## [Your assignment]
Output only the lines that run from the line holding "The Color Factory" to the end of the data below, including both ends, without any pictures.

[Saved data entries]
*-*-*

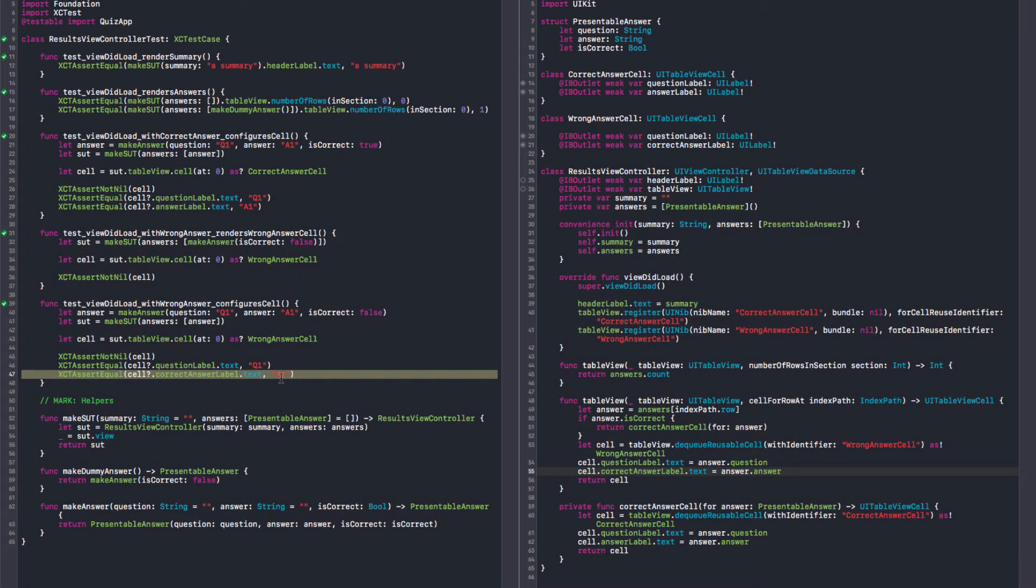Okay, so in the previous video we finished the correct answer cell and now we need to finish the wrong answer cell. And we're almost there. We just need the wrong answer label. Exactly.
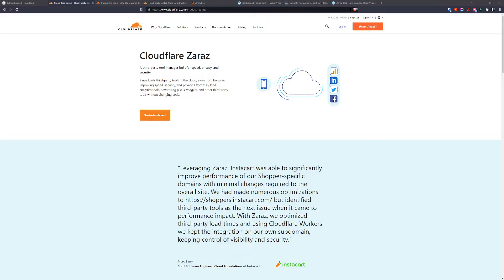Hello and welcome to another Cloudflare tutorial. In this tutorial we're going to check Cloudflare Zaras feature.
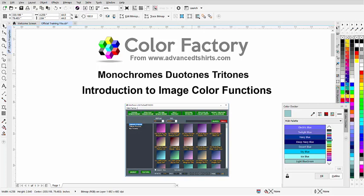The Color Factory is a new plugin that allows you to convert images to monochromes, duotones, and tritones in CorelDRAW for your graphic design, all based on monochrome images. It also has 400 presets — 250 duotone presets and 150 tritone presets — to allow you to very quickly go through different color looks with your duotones and tritones.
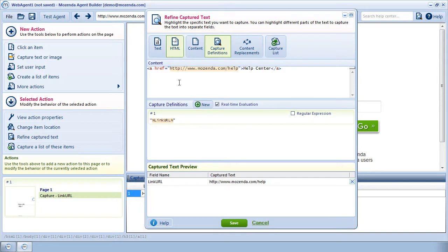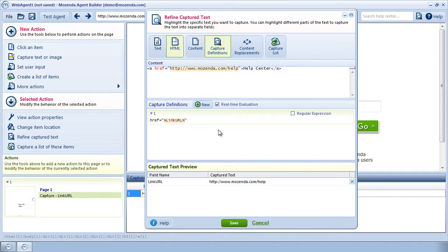It would be even more accurate for me to place my cursor in the Capture Definition and manually type href equals, because that's what appears before our URL in the HTML.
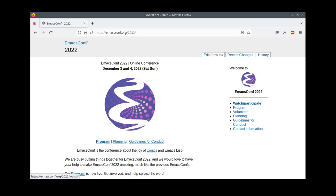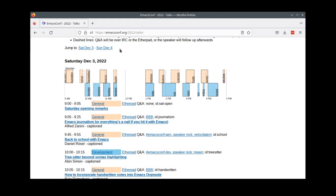Welcome to EmacsConf 2022 where we get to find out just how crazy a text editor can get. There were so many interesting talks that we couldn't figure out how to fit them in two days. So this year we're experimenting with having two tracks. There's a general track and a development track.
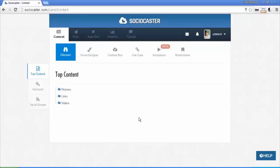This video tutorial will show you how to create an opt-in form using Social Player feature in Socialcaster. Now log in to your Socialcaster account.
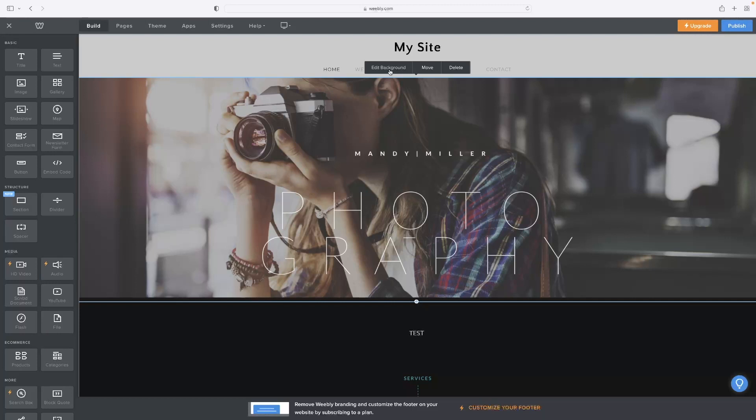If you want to give Weebly a go, then like I said, there's a link in the description down below that you can click, and that'll take you through a free trial version of the software.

*-*-*

## [Written response]
The Color Factory is a new plugin that allows you to convert images to monochromes, duotones, and tritones in CorelDRAW for your graphic design, all based on monochrome images. It also has 400 presets — 250 duotone presets and 150 tritone presets — to allow you to very quickly go through different color looks with your duotones and tritones.
It would be even more accurate for me to place my cursor in the Capture Definition and manually type href equals, because that's what appears before our URL in the HTML.
Welcome to EmacsConf 2022 where we get to find out just how crazy a text editor can get. There were so many interesting talks that we couldn't figure out how to fit them in two days. So this year we're experimenting with having two tracks. There's a general track and a development track.
This video tutorial will show you how to create an opt-in form using Social Player feature in Socialcaster. Now log in to your Socialcaster account.
If you want to give Weebly a go, then like I said, there's a link in the description down below that you can click, and that'll take you through a free trial version of the software.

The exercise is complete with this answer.